先日の舞台「ショーシャンクの空に」を観劇していて、男子寮生活を
想像してしまったのですが、私は女子校で、イジメとかのバイオレンスと
遠い3年間を過ごしました。
その生活しか知らなかったので、年月を重ねて同級生との再会で思い出話を
繰り返すうちに、生徒の全員が3年間平和だった訳ではないことが判明して驚きました。
「えっ?私ずっと高校生って大人なんやな~と思ってた」
「うん、ウチのクラスは大人やった!けど他所はイケズの嵐吹き荒れとったで」
ええ~~?!これ井の中の蛙ってやつ?

いったい何が違ったのか?とこの度振り返ってみて気付きました。
私の行く先々に、アンディ・デュフレーンのような人物が居たことに。

不思議な少年(1) (モーニング KC)
時代を替え姿を変えて現れる「不思議な少年」のように。
特に1年生の時のクラスメイトはアンディそのものだった。
(女子高生ですけどね。

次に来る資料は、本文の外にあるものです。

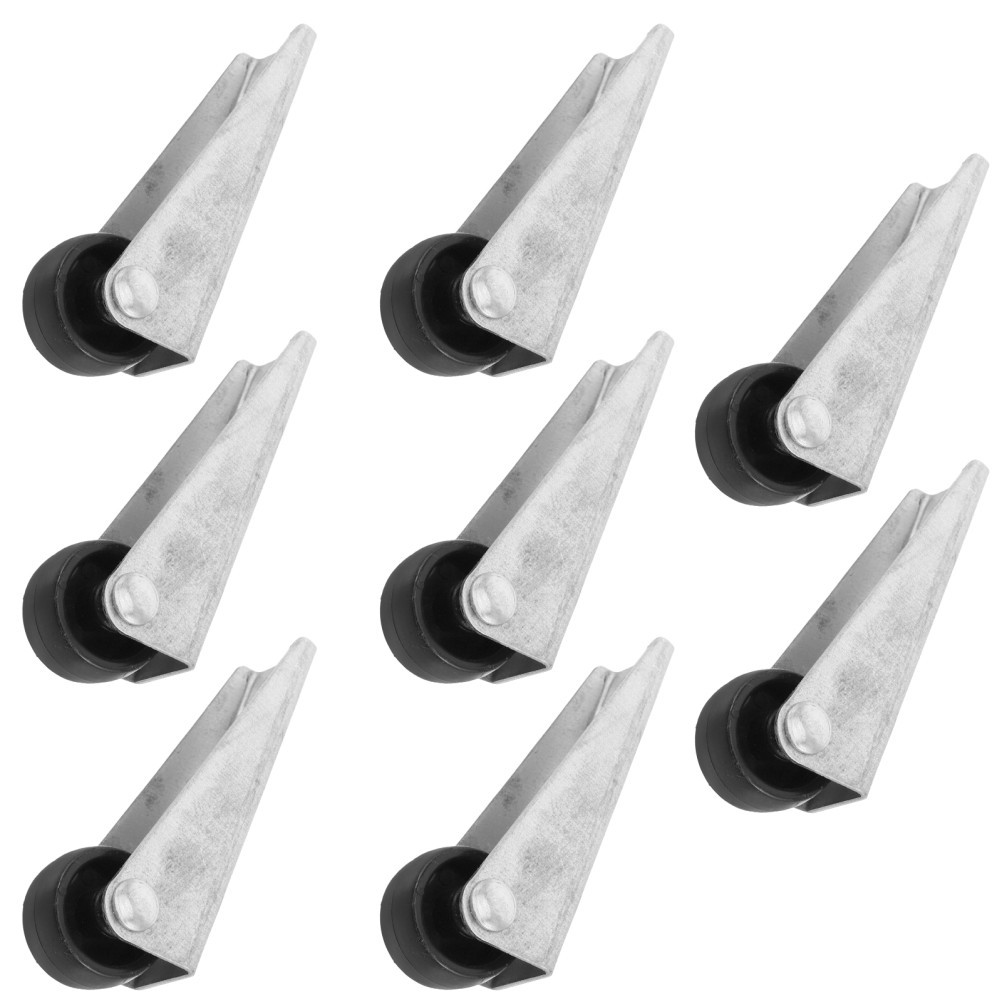 8Pcs Silver Gate Repair Wheels Durable Nylon Steel Door Bottom Casters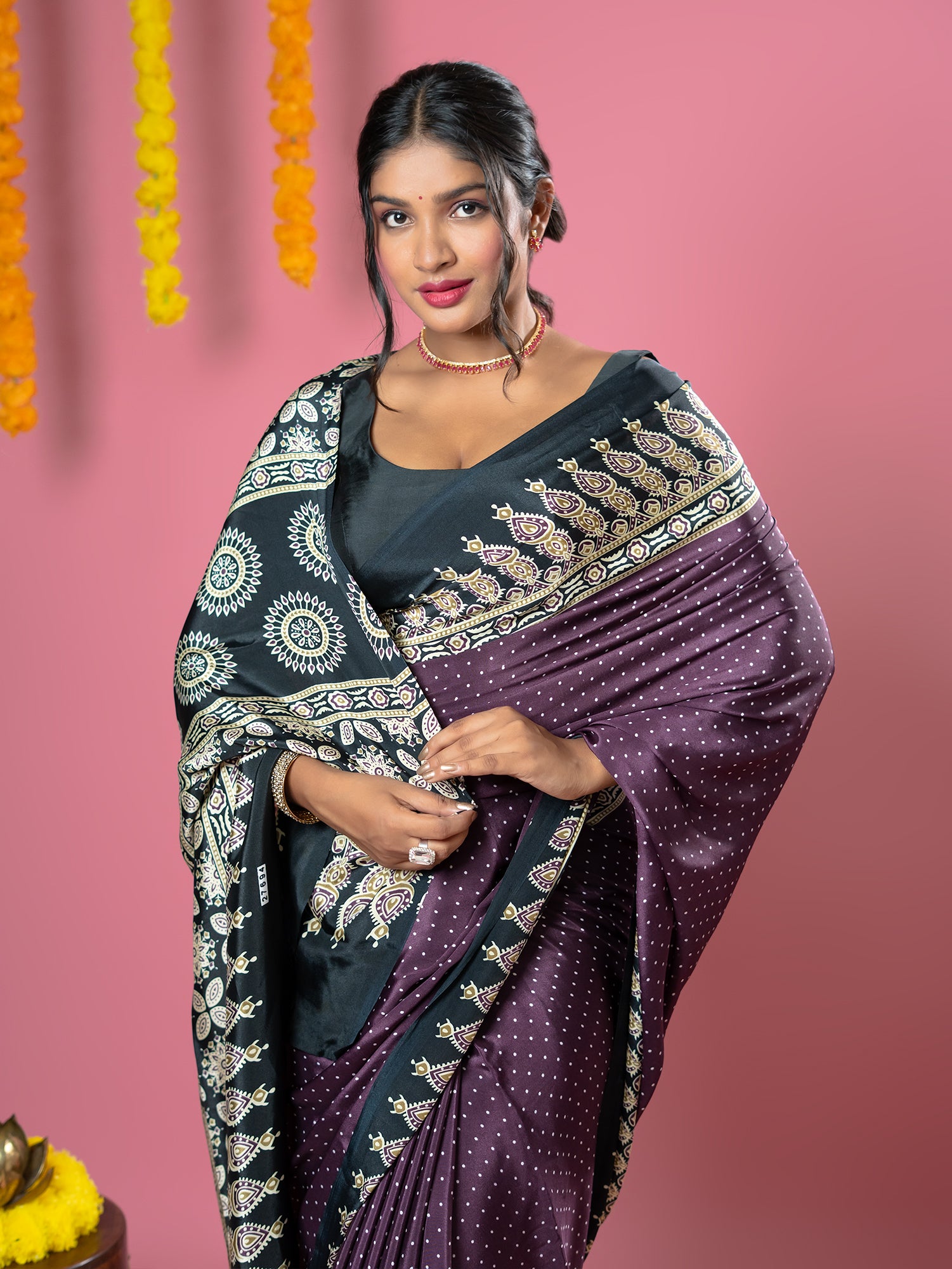 Wine Ajrakh Digital Print Saree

)
別のグループやったんで、今どうしているか知る術もない。
だから余計にその思い出が美化されてても何卒ご容赦を。
おばちゃんかて女子高生やったしな~♪

アンディは自己紹介で「私は幼馴染のレッドと一緒に居たくてこの学校来た」と言った。
そんな理由で将来に係わる大事な選択を?と衝撃だった。

アンディは芦名星さん似の美貌とクラスで1位の頭脳を備えていた。
対してレッドは普通で学力はクラスでも下の方だった。
京都の女子校生って腹黒いから顔見ただけでスペック測れてまうのよー。
なんでこの二人がそこまで結び合ったのか?

理由はすぐに判明した。
アンディは生まれつきの持病のため、定期的に人工透析を受けていた。
自らの体という檻に収監されていたのだ。
天は二物を与えずというが、この分配は残酷だった。
アンディはもっとレベルの高い学校に進むとか上を目指せる才を与えられながら、
自らの体にそのチャンスを摘み取られていた。飛び飛びでしか学校に通えなかった。
もうアンディに比べたら私なんて普通。体弱いなんて言うたら罰が当たる!
そしてレッドは幼い頃から彼女と「本当の友達」で在り続けていたのだった。

一見すると二人の関係は優れたアンディに依存する平凡なレッドのように映りそうだが、
レッドは『対等』にアンディと向き合っていた。
それは長年の付き合いで培われたものだと思うのだけれど、レッドはアンディの病もまるごと
個性として受け入れ、「数学が苦手」とか「ほくろが多い」程度のウイークポイント扱いだった。
何より素晴らしかったのは、まばゆいばかりのアンディの素養にひがみを感じて媚びることもなく、
アンディの病に同情もしてなかったから、過剰な世話を焼いてなかった!
この、成績のように数値化されないホスピタリティこそが、アンディが惹かれたレッドの才能だった。
更にアンディもまた、レッドに依存していなかった。

奇跡の共存関係、最強のコンビだ。

けど、そんなん説明せんでも、二人の佇まいには凄い説得力があった。
本当に美しかったから。
二人の在り方は素晴らしいハーモニーとなって教室全体に満ち、
クラスメイト全員のホスピタリティと品格を引き上げた。
見習うとはまさにこれ。人はやはり上等なものに触れる体験をするべきだ。

それがどれほどアンディの心身を支え、循環器を患う彼女には猛毒の『ストレス』を退けたことか。
これまでの全ての日々が平穏であったはずがない。
長い歳月を掛けて二人でそこまで育ち上がったのだ。
レッドはまさしくアンディの千歳の岩だった。
二人で居れば、そこはどこでもシワタネホに変わったんやと思う。

健全な肉体にしか健全な精神が宿らないとは限らない。
アンディは弱い体を磨き抜いた強靭な心で支えていた。
しかし、人生は不条理だ。
アンディは学期の途中で入院という独居房に収監され、レッドから引き離された。